==== Input for this task

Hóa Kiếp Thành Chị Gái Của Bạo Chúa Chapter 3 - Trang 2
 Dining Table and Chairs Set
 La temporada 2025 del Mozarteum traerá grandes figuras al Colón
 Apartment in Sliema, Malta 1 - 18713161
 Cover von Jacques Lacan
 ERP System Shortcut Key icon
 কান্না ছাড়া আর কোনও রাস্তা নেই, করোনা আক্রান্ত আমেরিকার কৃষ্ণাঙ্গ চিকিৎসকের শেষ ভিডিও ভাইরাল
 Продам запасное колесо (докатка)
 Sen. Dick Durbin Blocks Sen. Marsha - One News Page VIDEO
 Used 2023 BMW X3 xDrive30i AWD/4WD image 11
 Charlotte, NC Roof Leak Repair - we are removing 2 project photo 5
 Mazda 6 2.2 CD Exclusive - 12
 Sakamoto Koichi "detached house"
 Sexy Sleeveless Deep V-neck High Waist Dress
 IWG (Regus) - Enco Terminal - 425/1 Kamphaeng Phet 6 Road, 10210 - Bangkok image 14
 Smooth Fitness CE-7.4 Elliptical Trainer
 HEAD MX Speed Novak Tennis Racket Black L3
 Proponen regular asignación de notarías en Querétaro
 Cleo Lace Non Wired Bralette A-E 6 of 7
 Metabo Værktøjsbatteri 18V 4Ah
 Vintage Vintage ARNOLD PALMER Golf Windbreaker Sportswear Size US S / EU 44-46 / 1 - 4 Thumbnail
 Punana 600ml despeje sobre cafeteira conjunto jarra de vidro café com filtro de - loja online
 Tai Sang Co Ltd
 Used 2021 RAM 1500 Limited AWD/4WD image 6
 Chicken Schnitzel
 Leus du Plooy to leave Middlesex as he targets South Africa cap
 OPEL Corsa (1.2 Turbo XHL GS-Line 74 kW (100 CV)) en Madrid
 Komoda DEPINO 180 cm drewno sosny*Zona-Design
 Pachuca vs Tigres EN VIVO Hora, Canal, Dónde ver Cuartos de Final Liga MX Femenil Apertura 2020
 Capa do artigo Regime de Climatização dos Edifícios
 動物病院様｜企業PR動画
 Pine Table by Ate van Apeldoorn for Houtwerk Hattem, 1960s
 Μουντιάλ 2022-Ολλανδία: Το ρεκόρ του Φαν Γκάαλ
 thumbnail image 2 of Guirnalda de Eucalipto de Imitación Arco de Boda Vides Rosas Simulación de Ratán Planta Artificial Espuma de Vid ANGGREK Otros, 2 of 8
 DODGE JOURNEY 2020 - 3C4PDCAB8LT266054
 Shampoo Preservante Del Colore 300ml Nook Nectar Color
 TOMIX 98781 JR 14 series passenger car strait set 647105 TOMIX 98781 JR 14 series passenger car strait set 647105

========

[About this task] Go through the listing and copy each line that includes the string "Used".

[Exercise result]
 Used 2023 BMW X3 xDrive30i AWD/4WD image 11
 Used 2021 RAM 1500 Limited AWD/4WD image 6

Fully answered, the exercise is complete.